“We don’t really even know each other. Do we?”
His lips pressed hard together, flat and white, before he spoke. “I’ve never given up on anything in my life. It’s not how I do things. How would it look?”
“How would it look? Honest, for one thing. Isn’t it better to own up to things?”
He shook his head almost imperceptibly, small quick movements. “I’d be a laughing stock in town…made a fool of by a girl. My family would be horrified. Humiliated. We actually have a name to protect, you know.”
This was an obvious dig against my father and the bankruptcy scandal, but I couldn’t let it stop me from plunging ahead. “Blame it all on me then. I don’t care. I don’t have anything left to lose.”

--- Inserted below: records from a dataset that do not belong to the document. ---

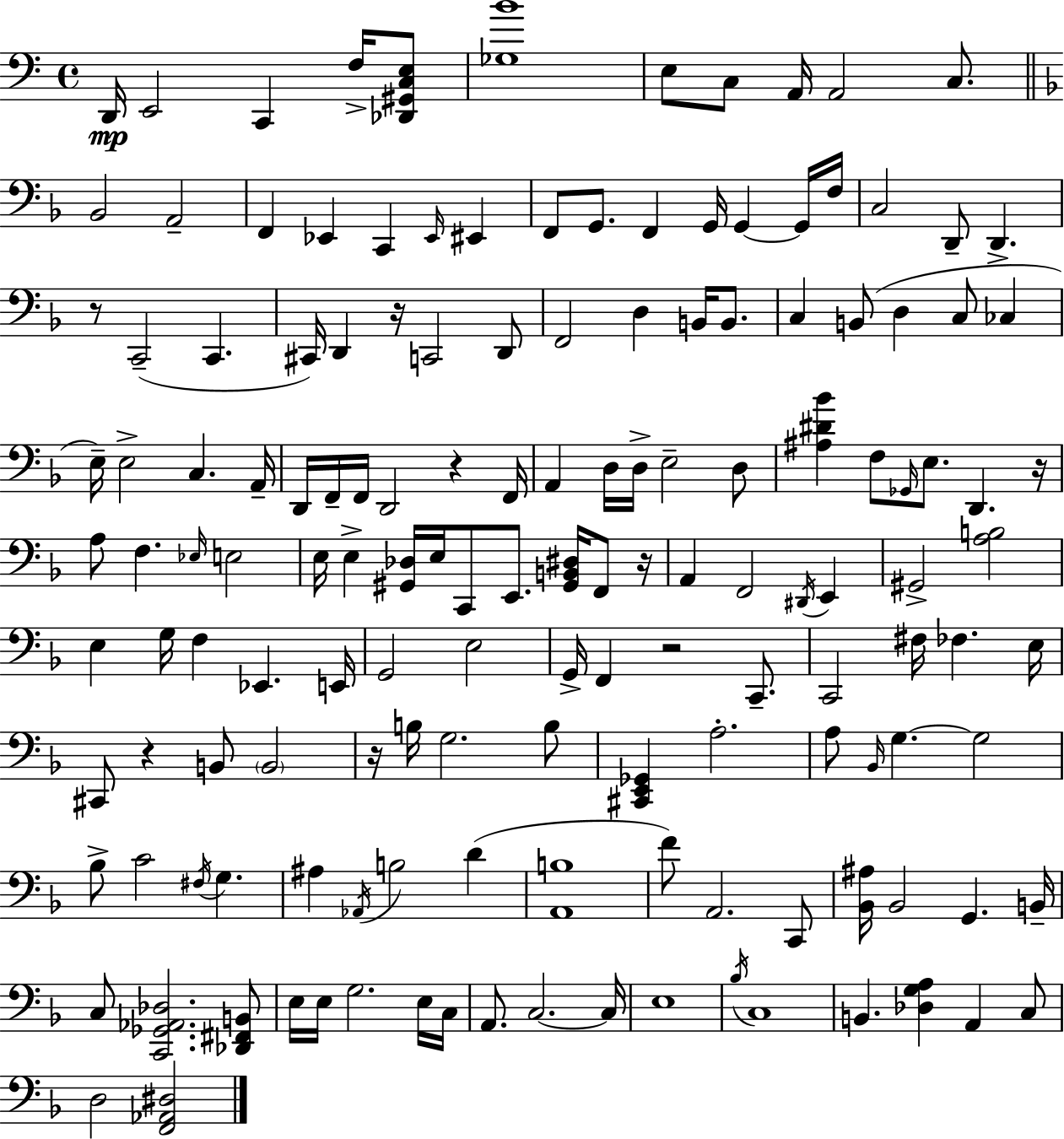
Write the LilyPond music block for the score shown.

{
  \clef bass
  \time 4/4
  \defaultTimeSignature
  \key c \major
  d,16\mp e,2 c,4 f16-> <des, gis, c e>8 | <ges b'>1 | e8 c8 a,16 a,2 c8. | \bar "||" \break \key d \minor bes,2 a,2-- | f,4 ees,4 c,4 \grace { ees,16 } eis,4 | f,8 g,8. f,4 g,16 g,4~~ g,16 | f16 c2 d,8-- d,4.-> | \break r8 c,2--( c,4. | cis,16) d,4 r16 c,2 d,8 | f,2 d4 b,16 b,8. | c4 b,8( d4 c8 ces4 | \break e16--) e2-> c4. | a,16-- d,16 f,16-- f,16 d,2 r4 | f,16 a,4 d16 d16-> e2-- d8 | <ais dis' bes'>4 f8 \grace { ges,16 } e8. d,4. | \break r16 a8 f4. \grace { ees16 } e2 | e16 e4-> <gis, des>16 e16 c,8 e,8. <gis, b, dis>16 | f,8 r16 a,4 f,2 \acciaccatura { dis,16 } | e,4 gis,2-> <a b>2 | \break e4 g16 f4 ees,4. | e,16 g,2 e2 | g,16-> f,4 r2 | c,8.-- c,2 fis16 fes4. | \break e16 cis,8 r4 b,8 \parenthesize b,2 | r16 b16 g2. | b8 <cis, e, ges,>4 a2.-. | a8 \grace { bes,16 } g4.~~ g2 | \break bes8-> c'2 \acciaccatura { fis16 } | g4. ais4 \acciaccatura { aes,16 } b2 | d'4( <a, b>1 | f'8) a,2. | \break c,8 <bes, ais>16 bes,2 | g,4. b,16-- c8 <c, ges, aes, des>2. | <des, fis, b,>8 e16 e16 g2. | e16 c16 a,8. c2.~~ | \break c16 e1 | \acciaccatura { bes16 } c1 | b,4. <des g a>4 | a,4 c8 d2 | \break <f, aes, dis>2 \bar "|."
} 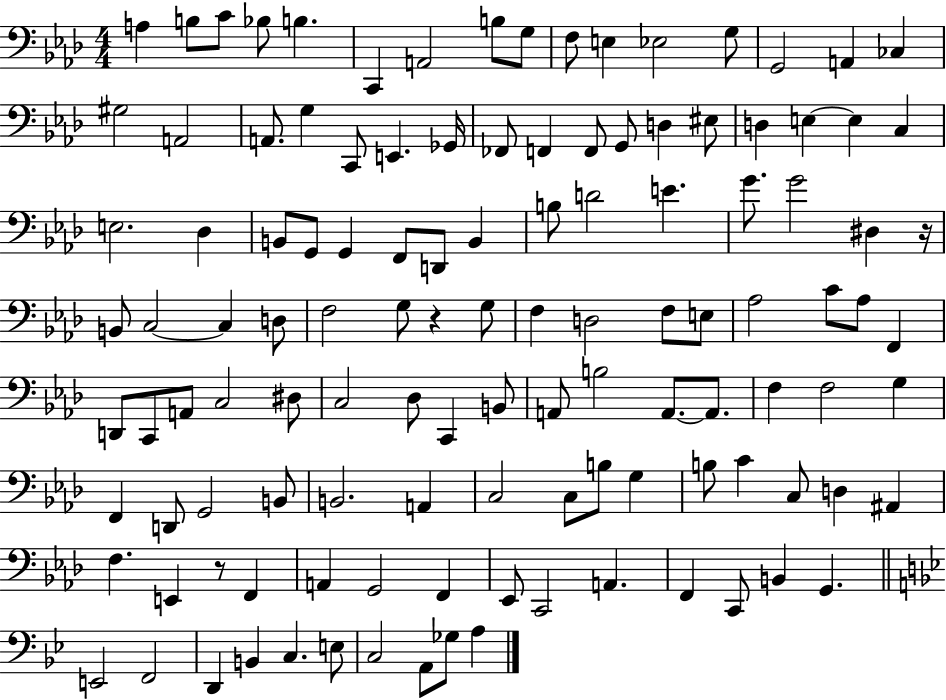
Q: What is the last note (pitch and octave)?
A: A3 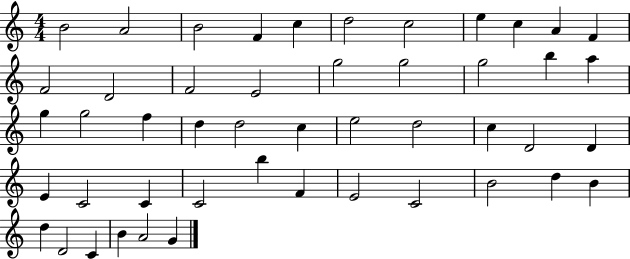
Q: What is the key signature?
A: C major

“I’m not sure that’s true.”
When he stormed off to bed that night, I still didn’t know where we stood. I slept in front of the hearth, tossing back and forth, feeling alternately too cold and too hot. I thought we would have it out in the morning, but the row lasted for three days. Whatever he was sorting out, it seemed to have less to do with losing me than with the sullying of his reputation, and how the colony might perceive his failings. I understood that. He had married me because it was time to marry, and that was all. His family had expected it of him, to complete the picture of a settled and prosperous life. He certainly wouldn’t let them down now. He was too proud and had always managed to take control of any wayward detail in his life—deep-rooted tree stumps in the field, boulders where a garden should go. He came at every obstacle with muscle and gumption, but he couldn’t simply strong-arm me. Or could he?
On the third evening, Jock finally sat down across from me, his eyes flat as chips of flint. “This isn’t something you can bury in the sand and forget about, Beryl. Go and work for Delamere if that’s what you’re going to do, but you’ll go as my wife.”
“We’ll be pretending then? For how long?”
He shrugged. “Don’t forget you need me, too. Your father’s horses are half mine now, and you can’t care for them on a pauper’s salary.”
“You’ll hold my horses ransom? For God’s sake, Jock, you know how much they mean to me.”
“Then don’t test me. I don’t want to look like a damned fool, and you can’t afford to buy me out.” His voice was like a stranger’s, but it was possible we’d never stopped being strangers, both of us. Either way, I doubted if I would ever be able to reach him again. “You’ve been making such a stink about honesty,” he went on. “Is this honest enough for you?”
When I rode away from Jock’s farm a week later, I took nothing that I couldn’t tie onto the back of my saddle—pyjamas, a toothbrush and comb, a second pair of slacks, a man’s shirt in heavy cotton. For Pegasus I carried a thick rug and brush, several pounds of crushed oats, and a small, tarnished blacksmith’s knife. It felt wonderful to be riding out in the bush and travelling so lightly, but I was also leaving much unsettled behind me. It was a devil’s bargain I had struck with Jock. He owned my freedom, and the only way I could wrest it from him was by getting the licence. That came first, and then hard work and a chance, just a chance, at winning. Everything would have to fall into place perfectly—a terrifying thought—for me to ever be fully independent. I would have to hope for that, and give it everything I had.
Soysambu lay at the edge of the Rift’s great undulating fold, in one of the narrower regions of the highlands, between Elmenteita and Lake Nakuru, where Delamere’s stock had ten thousand acres to graze in relative comfort and safety. D had turned to sheep mostly—Masai ewes with deep brown coats so heavy and knotted they were almost unrecognizable as sheep. At Equator Ranch a decade before, his debut lambing had turned out only six surviving animals of four thousand ewes. Undaunted, he had burned through more of his inheritance (eighty thousand pounds, some claimed), replaced his stock, learned his hard lessons, and was now the most successful large-scale rancher in all of Kenya.
Not everyone admired him. In town or at the track, many people gave D a wide berth, trying to avoid an argument or a lecture about “the Indian problem.” He was louder than anyone about how we needed to sever our ties with that country once and for all. He was also land greedy and full of bluster, and impossible to argue with—but Lady D had always seen what was good in him, and I did, too. He worked harder than anyone I knew—twelve or sixteen hours a day, out with his herd along the rolling hills. He was passionate and indomitable, and in the time I’d known him—my whole life, really—he’d only ever been kind to me.
“Beryl, dear,” he barked when I arrived. He had broken down his rifle and was polishing the butt with tender precision. His long hair was a thicket. “So you want to be a trainer like Clutt, do you? I can’t imagine it will be an easy life.”